A tale of two numbers

$61,404.

$48,872.

The first number is Duke’s estimated annual cost of attendance. The second number is the average annual income of workers in the United States.

Here’s another number: 53 percent.

According to a presentation by Provost Peter Lange to Duke Student Government last Wednesday, that’s the percentage of Duke students who receive no financial aid, putting their parents’ income in the top 5 to 10 percent of U.S. earners.

If you’re on campus in a public place, take a look around. Over half of the people you see are from the top 5 to 10 percent of earners in the U.S. At Duke, for all of the good that we do, for all that I love about his place, a large part of what we do is teaching the wealthy skills that will allow them to stay wealthy.

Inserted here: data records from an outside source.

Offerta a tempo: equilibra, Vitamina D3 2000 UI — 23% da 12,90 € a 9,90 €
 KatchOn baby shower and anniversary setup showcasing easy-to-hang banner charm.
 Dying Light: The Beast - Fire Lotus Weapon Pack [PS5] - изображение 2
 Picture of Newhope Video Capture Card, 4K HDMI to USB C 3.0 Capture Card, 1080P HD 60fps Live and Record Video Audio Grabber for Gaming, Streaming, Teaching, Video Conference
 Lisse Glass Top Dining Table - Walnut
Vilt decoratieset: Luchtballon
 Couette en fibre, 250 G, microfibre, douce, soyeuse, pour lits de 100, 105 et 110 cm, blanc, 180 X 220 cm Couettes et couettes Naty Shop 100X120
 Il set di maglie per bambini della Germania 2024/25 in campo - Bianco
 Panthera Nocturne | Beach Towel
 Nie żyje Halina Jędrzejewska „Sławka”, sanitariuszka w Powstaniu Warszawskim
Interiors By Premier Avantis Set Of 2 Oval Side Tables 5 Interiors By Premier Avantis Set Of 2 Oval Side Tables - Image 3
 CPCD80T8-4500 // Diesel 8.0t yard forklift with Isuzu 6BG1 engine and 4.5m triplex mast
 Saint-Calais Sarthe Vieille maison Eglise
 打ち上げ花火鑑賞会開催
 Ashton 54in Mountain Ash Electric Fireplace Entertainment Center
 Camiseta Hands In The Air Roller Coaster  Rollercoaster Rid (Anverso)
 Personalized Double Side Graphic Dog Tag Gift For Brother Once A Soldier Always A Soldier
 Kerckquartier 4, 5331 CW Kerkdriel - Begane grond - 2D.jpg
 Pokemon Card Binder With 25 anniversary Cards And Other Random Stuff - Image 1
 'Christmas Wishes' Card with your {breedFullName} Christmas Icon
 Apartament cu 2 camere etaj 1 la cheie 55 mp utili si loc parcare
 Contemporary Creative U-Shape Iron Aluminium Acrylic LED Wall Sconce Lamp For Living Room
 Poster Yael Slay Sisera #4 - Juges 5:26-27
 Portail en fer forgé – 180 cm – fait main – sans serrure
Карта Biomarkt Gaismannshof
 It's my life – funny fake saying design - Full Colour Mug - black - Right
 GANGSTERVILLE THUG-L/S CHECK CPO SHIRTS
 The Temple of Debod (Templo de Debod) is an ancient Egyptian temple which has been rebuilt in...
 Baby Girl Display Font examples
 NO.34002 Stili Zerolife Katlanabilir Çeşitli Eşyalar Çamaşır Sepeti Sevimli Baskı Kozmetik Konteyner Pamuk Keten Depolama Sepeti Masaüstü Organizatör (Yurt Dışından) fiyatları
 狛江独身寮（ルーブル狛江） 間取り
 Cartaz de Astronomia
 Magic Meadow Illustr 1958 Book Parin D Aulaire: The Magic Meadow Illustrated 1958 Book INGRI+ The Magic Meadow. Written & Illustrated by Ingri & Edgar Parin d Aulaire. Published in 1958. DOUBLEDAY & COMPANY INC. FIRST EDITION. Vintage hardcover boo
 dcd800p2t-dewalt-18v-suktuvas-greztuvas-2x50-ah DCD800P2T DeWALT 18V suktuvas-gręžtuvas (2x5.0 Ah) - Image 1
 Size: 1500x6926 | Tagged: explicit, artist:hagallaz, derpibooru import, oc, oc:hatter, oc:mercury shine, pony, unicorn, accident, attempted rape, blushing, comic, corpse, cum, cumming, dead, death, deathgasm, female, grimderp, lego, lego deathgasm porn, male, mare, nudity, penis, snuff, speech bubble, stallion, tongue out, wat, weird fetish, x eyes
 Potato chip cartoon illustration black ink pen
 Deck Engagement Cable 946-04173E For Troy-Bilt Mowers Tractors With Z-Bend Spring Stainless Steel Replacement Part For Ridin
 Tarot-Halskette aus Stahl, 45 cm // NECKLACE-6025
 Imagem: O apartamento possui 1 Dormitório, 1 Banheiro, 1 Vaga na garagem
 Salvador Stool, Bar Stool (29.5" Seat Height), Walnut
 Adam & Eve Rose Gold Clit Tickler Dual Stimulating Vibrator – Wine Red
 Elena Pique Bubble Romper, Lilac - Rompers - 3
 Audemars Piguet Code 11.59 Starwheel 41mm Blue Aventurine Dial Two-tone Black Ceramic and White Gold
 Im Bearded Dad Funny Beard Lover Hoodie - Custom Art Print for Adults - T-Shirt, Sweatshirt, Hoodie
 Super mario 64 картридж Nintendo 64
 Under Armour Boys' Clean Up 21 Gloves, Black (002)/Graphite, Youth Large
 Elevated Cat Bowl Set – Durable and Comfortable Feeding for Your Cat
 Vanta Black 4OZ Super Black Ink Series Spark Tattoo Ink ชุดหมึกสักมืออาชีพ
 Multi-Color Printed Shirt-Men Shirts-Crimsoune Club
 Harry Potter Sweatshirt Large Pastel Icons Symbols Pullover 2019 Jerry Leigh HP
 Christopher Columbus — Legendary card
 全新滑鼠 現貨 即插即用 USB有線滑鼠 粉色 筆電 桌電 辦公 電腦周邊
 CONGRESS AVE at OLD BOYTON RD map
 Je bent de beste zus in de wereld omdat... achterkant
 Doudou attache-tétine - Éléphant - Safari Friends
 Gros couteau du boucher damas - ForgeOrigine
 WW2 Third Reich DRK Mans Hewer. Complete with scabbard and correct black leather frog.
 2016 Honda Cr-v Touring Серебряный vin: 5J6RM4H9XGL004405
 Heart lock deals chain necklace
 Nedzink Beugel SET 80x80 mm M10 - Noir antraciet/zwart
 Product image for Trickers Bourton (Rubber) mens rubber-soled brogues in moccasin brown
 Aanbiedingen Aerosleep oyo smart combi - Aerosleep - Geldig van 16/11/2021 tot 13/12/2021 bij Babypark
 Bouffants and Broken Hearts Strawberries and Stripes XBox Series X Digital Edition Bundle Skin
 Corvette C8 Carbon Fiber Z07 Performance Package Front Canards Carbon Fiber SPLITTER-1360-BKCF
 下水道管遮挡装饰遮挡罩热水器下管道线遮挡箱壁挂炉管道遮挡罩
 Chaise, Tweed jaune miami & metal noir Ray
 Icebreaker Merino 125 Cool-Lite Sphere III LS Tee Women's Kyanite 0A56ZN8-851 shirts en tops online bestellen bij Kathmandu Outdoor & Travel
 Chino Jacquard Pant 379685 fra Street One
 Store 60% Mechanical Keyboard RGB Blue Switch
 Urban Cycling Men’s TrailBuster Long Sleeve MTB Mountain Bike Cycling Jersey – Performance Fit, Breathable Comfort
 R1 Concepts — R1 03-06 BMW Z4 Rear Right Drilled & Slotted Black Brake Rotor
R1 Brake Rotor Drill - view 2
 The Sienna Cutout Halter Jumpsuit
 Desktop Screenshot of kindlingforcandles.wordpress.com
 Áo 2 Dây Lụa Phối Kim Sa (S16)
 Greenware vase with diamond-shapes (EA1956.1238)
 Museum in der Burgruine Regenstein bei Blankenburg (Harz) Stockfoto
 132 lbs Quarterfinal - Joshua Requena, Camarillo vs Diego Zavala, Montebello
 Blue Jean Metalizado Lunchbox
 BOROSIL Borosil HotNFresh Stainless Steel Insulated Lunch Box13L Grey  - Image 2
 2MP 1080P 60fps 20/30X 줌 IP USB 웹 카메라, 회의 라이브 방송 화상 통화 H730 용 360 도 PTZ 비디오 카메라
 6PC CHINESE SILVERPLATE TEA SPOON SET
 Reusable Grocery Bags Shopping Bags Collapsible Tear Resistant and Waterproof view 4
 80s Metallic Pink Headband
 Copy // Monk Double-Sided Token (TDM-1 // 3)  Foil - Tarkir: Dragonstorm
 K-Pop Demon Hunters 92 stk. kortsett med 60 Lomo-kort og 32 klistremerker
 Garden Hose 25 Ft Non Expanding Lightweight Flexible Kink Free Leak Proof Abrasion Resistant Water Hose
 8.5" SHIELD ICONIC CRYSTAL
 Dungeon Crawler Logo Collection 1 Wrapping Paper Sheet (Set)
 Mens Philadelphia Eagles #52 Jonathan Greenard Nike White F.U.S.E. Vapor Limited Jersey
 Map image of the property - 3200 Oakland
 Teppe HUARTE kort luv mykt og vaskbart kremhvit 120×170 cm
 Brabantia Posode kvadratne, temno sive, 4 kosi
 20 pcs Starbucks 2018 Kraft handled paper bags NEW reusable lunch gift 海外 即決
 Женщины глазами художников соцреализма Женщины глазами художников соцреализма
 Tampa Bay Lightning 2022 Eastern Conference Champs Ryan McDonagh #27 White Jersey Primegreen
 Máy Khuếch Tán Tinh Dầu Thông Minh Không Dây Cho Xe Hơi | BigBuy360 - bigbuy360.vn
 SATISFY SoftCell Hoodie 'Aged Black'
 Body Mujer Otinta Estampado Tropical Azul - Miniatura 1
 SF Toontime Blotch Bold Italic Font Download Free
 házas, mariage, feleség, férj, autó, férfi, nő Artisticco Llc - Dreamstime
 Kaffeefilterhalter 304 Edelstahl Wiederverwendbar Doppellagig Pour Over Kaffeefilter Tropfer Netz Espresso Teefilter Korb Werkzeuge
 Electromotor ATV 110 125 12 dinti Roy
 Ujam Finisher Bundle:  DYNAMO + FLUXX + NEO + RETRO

Now I want to be clear: This column is not encouraging action from Duke. Lowering tuition actually inhibits socioeconomic diversity as it reduces funding for aid programs. And we’re not discriminating based on income in who we admit—we’re need-blind, admitting on merit supplemented by affirmative action policies that promote diversity and control for historic inequalities. Relaxing the standards of admittance for low-income students in order to increase their prevalence on campus would make funding the education we receive impossible—meaning that we would have to sacrifice the things that make us a world-class institution, like small classes and state-of-the-art facilities.

No, this column is aimed at all of us—the likely future 5 to 10 percent of earners, who will also come to possess the power that is wealth’s inevitable companion.

A few weeks ago at the Conservative Political Action Conference, Rick Santorum asked, “Since when in America do we have classes? Since when in America are people stuck in areas or defined places called a class?”

He’s not alone in his thinking.

In an interview with CNN, Jason Long, an economist at the University of Wheaton, stated, “It's clear that Americans still believe that America has exceptional mobility, and that's not true.” It’s “vexing,” he continued, that “lots of people could be systematically mistaken about verifiable, factual information.”

And it is objectively true that in the United States, people are “stuck in areas or defined places called a class” more than they are practically anywhere else in the developed world. According to research from University of Ottawa economist and Russell Sage Foundation Fellow Miles Corak, out of all of the major developed countries, only Italy and the United Kingdom boast lower levels of economic mobility than the United States.

According to a study by Pew Charitable Trust, if you’re born into the lowest income bracket, you have a 70 percent chance of staying there.

Why is economic mobility in this country so low? That question is over-determined.

Look to the fact that education is funded based largely on property taxes, correlating better schools with higher income levels. Look to the fact that eating well and participating in extracurriculars that encourage physical activity is expensive, meaning that lower income children are likely to have poorer nutrition and thus not develop as well. Look to the fact that, given decreasing restrictions on campaign funding and increasing restrictions on voting, the powerful are increasingly the ones who decide whether or not the powerful should stay in power.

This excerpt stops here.